Blastocystis spp. is a unicellular protozoan found in the large intestine in humans. While Blastocystis infection is common worldwide, it is observed more frequently in tropical climates and developing countries with a wide host population including mammals, birds, reptiles, and arthropods [1]. The parasite spreads through the fecal-oral route particularly under poor hygiene conditions [2] and use of unboiled water has been considered to have a significant role in the spread of the infection [3]. Six forms have been defined to date in the culture and direct stool analysis while the vacuolar form is the most frequently form encountered in the stool [4]. Diagnosis of infection is generally made by demonstrating the vacuolar form in the direct microscopic examination of the stool with presence of more than five parasites in a microscope field at X40 magnification accepted as pathogenic [5]. Until recently, it was accepted that only one Blastocystis species (Blastocystis hominis) infected human beings. However, in recent years, it was demonstrated that nine different species may infect humans [6].
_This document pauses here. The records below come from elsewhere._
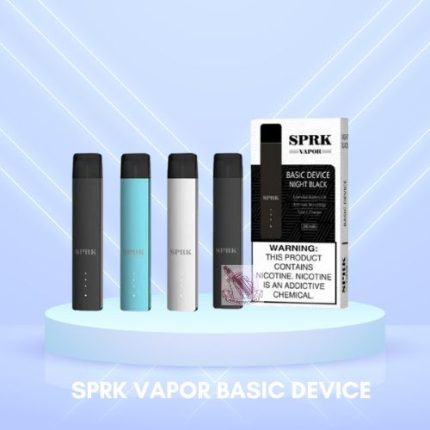 Best SPRK Vapor Basic Device in UAE
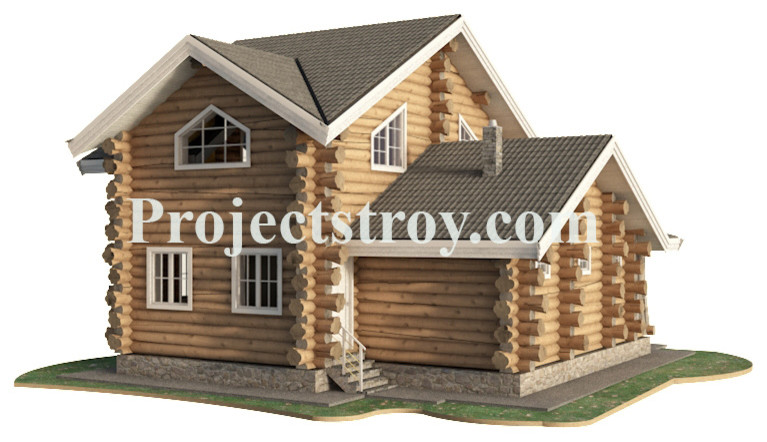 Проекты бань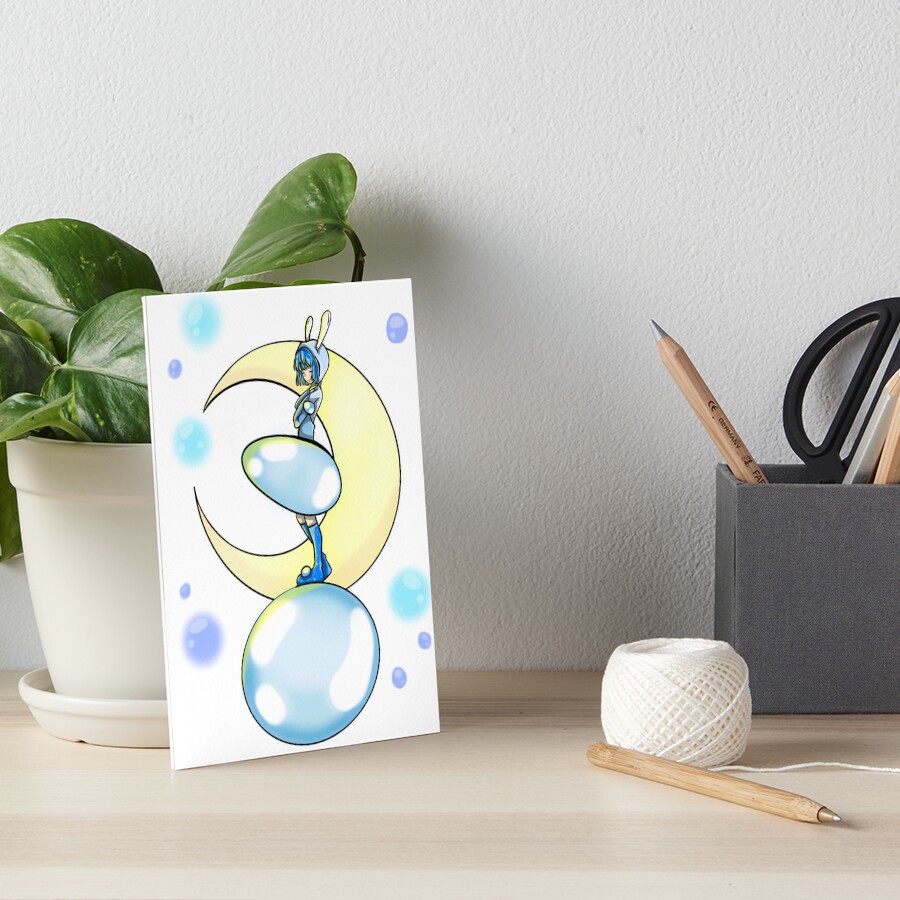 Item preview, Art Board Print designed and sold by DESIGN-RANGE.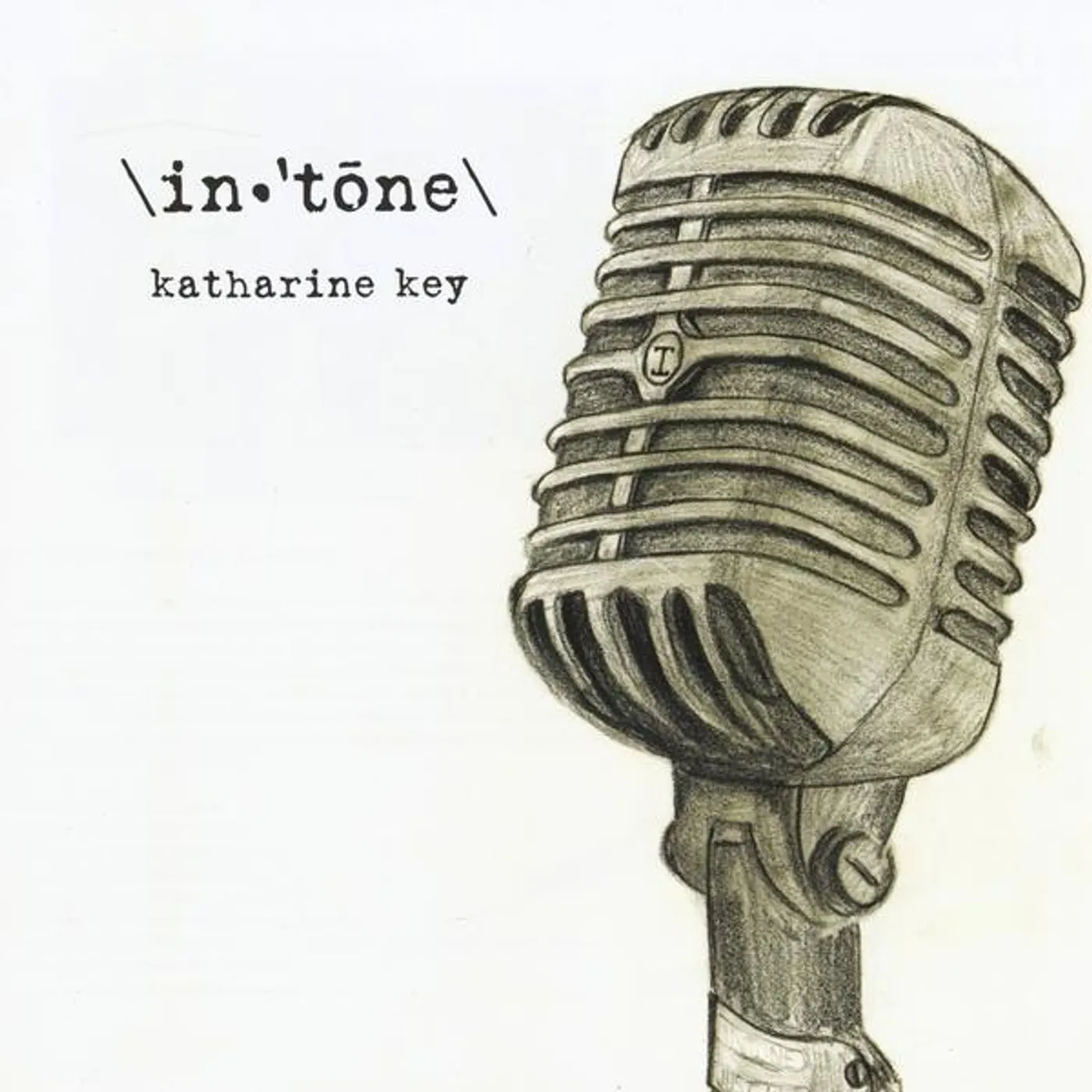 Katharine Key INTONE CD
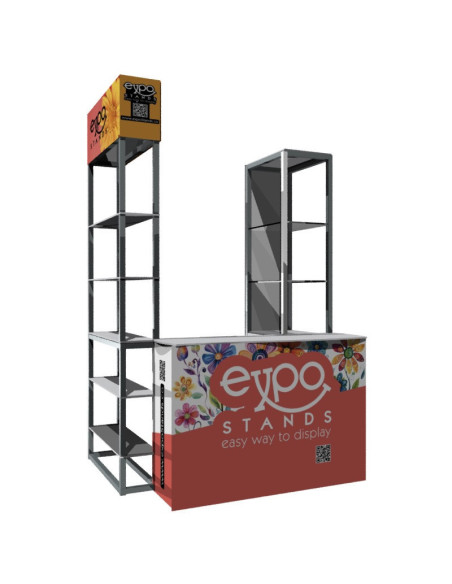 ExpoStands - Combi Stand 3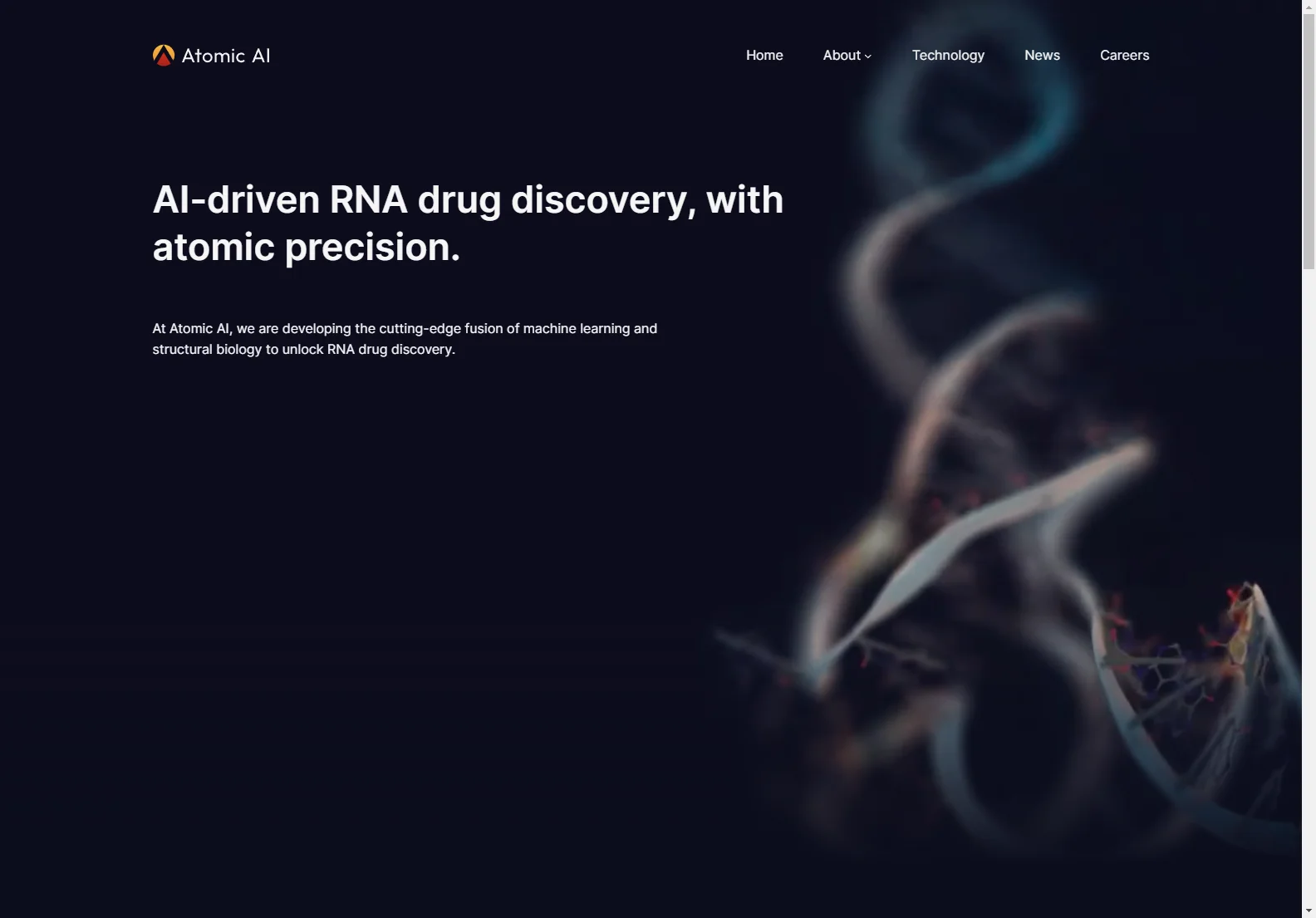 Atomic AI: Unleashing the Potential of RNA Drug Discovery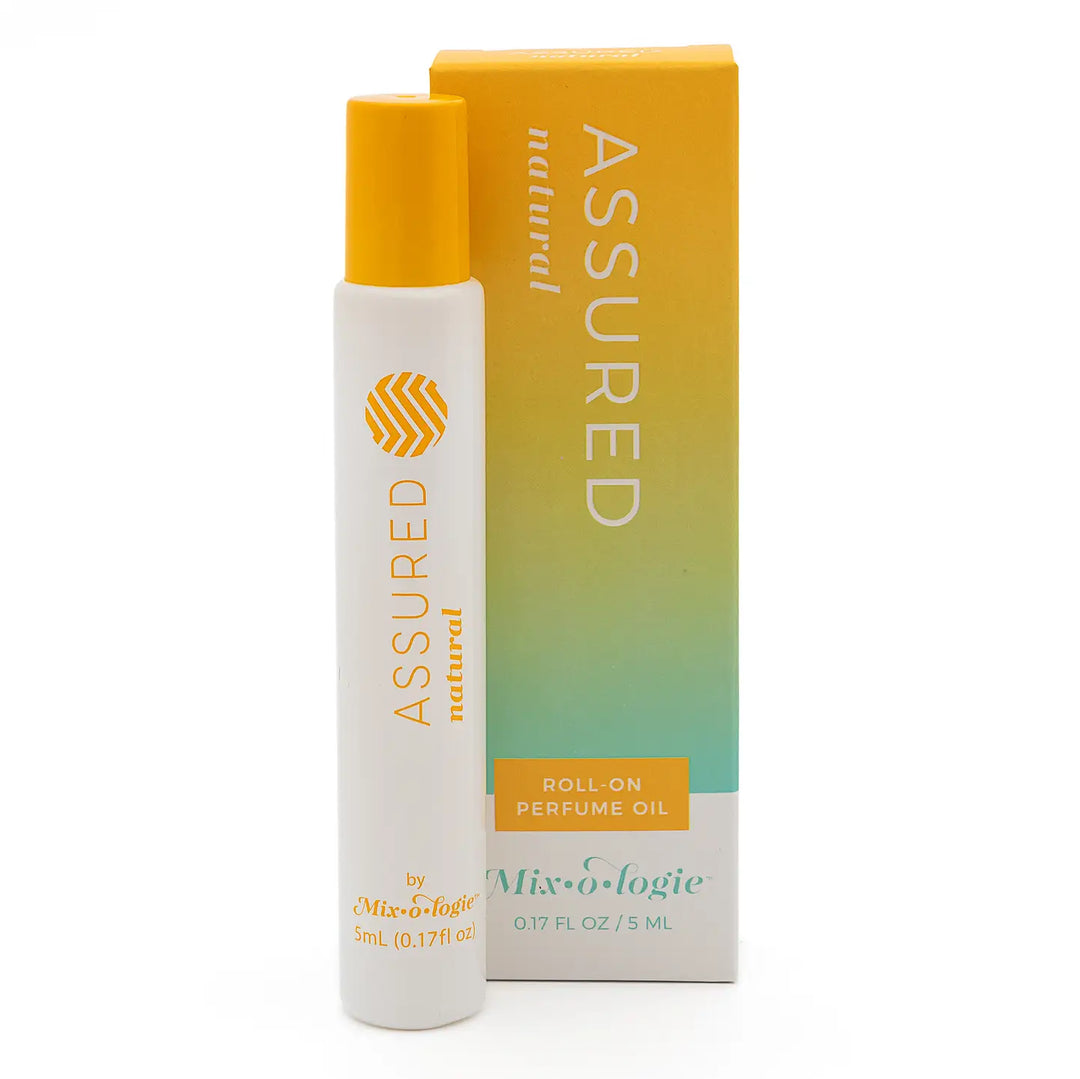 Mixologie PERFUME OIL ROLLERBALL - 5 ML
Untreated Blastocystis spp. can accommodate in the human gastrointestinal system for a few weeks up to a few years [2]. The pathogenic potential of Blastocystis spp. is still a debated issue due to the fact it is the most frequently encountered protozoan in healthy individuals as well as patients with gastrointestinal symptoms [1, 4]. Blastocystis spp. infection is generally asymptomatic. Symptomatic cases are characterized by nonspecific gastrointestinal symptoms such as nausea, anorexia, weight loss, weakness, dizziness, and gas, together with mainly diarrhea or abdominal pain [7]. In addition, it was also reported that the parasite can be encountered together with serious cases such as rectal bleeding, weight loss, anemia, and eosinophilia [2]. For example, Carrascosa et al. reported a B. hominis-associated hemorrhagic proctosigmoiditis case [8]. Blastocystis spp.-induced superficial intestinal invasion and mucosal inflammation was demonstrated in animal studies [9] while the pathogenic role of Blastocystis spp. in bowel inflammation has been investigated in many clinical trials.

Although the association of Blastocystis spp. with irritable bowel syndrome (IBS) and inflammatory bowel disease (IBD) have been reported to be frequently encountered in daily practice, its role in the pathogenesis is still debated [10, 11]. Therefore, the present study was designed to evaluate the prevalence of Blastocystis spp. in patients who applied to the same internal medicine-gastroenterology clinic with or without gastrointestinal complaints to reveal the association of this parasite with diagnosed IBS and IBD.


Study population

A total of 2526 patients who applied to the Gastroenterology Clinic of Antalya Training and Research Hospital from January 2010 to May 2011 were included in this retrospective case–control study based on presence of data on routine stool microscopy, stool culture and parasitic investigations by a gastroenterology specialist. Patients admitting with gastrointestinal complaints (n = 2334) including acute diarrhea, loss of appetite, dyspepsia, constipation, and abdominal pain composed the study group while a control group (n = 192) was selected from population attending the outpatient department within the similar time period on an outpatient basis for routine control without any accompanying gastrointestinal symptoms. Patients in the control group were not diagnosed with any gastrointestinal diseases (IBD, IBS etc.) and, they were also checked for fecal occult blood.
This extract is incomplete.